Activating table partitioning is achieved by defining a "Partitioning Column" as show in the following picture. How this works ? icCube is going to use a " SELECT DISTINCT partitioning-column WHERE data-table " SQL statement to determine the actual partition keys and generate one SQL request per partition key value. Note that there is a configuration property (maxTablePartitionCount) defining the maximum amount of rows returned by this SELECT DISTINCT request to prevent creating too many partitions. Its default value is 1024; creating too many partitions makes no real sense and might be inefficient.
Typically facts tables are several orders of magnitude larger than dimension tables. Therefore, for now, partitioning in the context of icCube is about facts partitioning.
This edition uses an improved columnar data storage that is improving performance for 'partitioned' MDX queries as well as removing the ~ 1 billion rows constraint of the other enterprise editions.
Without revealing too many secrets about the guts of icCube's in-memory MDX/OLAP engine, we can say that fast MDX processing requires efficient data indexing and memory access. Splitting facts into several separated and smaller physical memory areas is opening the door to more efficient implementations. E.g., when it is possible to detect that several partitions are not used within a MDX request (e.g., when filtering by a given year - and [Year] being a partition), then its processing will require less costly memory access and obviously less CPU.
Activating the facts partitioning is done via an advanced property at schema level as shown in the following picture:
Then for each facts definition, you can specify if partitioning applies and how the partitioning is defined : data-table or MDX-level based.
Facts Partitioning Mode : Data-Table Based
In this mode, each data-table partition maps to a facts partition.
Defining a data-table based partitioning is show in the following picture:
DB table partitioning is not required to benefit from the facts partitioning feature. Indeed, you can define facts partitions using any MDX level. For example, as shown in the following picture, a date dimension is a good candidate for partitioning your facts as it is more likely that you're going to filter your MDX requests per year more often.
Defining a MDX-level based partitioning is shown in the following picture:
Advanced : note that even if you've defined the table-based partitioning mode, you can still propose a level. It is going to be used as a performance hint during tuple evaluations. This level must be consistent with the table-based partitioning; e.g., having a geography table partitioning and using a date level makes no sense.
Memory Mapped Files
This edition unlock the memory mapped file feature. Indeed, very large heap in Java is more likely creating large GC pauses ( > 1 minute ) that might freeze MDX request processing.

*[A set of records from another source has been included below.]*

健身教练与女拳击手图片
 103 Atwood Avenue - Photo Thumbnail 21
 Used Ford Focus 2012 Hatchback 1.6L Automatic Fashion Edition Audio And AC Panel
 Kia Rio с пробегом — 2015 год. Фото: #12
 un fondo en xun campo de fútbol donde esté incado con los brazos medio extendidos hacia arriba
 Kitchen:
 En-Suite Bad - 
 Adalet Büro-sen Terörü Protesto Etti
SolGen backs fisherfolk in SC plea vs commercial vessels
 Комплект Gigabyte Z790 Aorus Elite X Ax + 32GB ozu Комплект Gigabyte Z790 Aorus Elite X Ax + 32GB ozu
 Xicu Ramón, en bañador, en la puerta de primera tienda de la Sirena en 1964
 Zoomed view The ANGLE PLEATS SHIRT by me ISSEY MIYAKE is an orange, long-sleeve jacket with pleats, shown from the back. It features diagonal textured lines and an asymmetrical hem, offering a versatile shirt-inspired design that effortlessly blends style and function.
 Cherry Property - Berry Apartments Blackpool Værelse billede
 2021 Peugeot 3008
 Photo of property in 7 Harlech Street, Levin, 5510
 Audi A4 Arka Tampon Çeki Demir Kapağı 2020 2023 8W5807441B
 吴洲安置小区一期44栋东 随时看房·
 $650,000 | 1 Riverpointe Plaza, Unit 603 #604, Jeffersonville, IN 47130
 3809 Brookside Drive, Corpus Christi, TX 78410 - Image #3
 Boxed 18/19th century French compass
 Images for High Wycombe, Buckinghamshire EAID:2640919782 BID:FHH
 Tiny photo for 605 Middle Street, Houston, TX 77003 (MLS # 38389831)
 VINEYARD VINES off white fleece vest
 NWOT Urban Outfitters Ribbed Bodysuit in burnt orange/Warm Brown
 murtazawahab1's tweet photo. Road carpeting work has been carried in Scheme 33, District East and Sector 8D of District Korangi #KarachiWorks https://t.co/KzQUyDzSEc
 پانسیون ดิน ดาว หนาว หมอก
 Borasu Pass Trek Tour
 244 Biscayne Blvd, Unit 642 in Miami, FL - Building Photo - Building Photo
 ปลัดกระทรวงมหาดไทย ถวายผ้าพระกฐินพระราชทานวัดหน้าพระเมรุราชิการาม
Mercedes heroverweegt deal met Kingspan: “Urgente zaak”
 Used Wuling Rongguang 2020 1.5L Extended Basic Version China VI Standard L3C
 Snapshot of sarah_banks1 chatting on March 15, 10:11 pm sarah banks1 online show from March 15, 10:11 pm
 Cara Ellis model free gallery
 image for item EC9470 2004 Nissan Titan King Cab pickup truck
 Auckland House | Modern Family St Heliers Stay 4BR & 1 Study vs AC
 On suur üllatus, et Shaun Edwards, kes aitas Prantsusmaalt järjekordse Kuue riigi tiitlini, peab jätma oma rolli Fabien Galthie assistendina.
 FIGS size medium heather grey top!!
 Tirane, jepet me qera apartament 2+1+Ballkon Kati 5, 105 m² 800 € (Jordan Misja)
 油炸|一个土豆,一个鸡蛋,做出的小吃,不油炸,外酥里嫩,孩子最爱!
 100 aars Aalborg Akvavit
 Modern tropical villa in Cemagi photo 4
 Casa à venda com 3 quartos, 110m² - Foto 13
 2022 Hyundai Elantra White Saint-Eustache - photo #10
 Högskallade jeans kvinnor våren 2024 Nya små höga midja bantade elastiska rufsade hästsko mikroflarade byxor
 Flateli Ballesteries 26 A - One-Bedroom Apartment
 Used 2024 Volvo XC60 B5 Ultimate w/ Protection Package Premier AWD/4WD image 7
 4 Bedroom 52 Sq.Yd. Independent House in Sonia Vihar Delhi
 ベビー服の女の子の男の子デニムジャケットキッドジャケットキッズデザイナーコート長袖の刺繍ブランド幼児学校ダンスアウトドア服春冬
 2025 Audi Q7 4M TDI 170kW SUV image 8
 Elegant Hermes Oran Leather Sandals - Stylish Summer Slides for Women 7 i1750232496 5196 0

One way to avoid that is to take advantage of a well known OS feature : memory mapped files. Using this, facts are saved into files instead of in-memory. The OS is going to cache them in RAM (therefore the more RAM the better) and you should expect the same level of performance as available with the in-memory storage engine. We're strongly encourage you to use this feature with Linux rather than Windows as I/O are faster, steadier and do not suffer of files being locked.
Hardware / OS Requirements
Last but not least, the partitioning edition is still available on commodity machines able to run a JAVA virtual machine making it ideal to deploy on private/public cloud platform. OLAP with pleasure is still being our motto and a reality.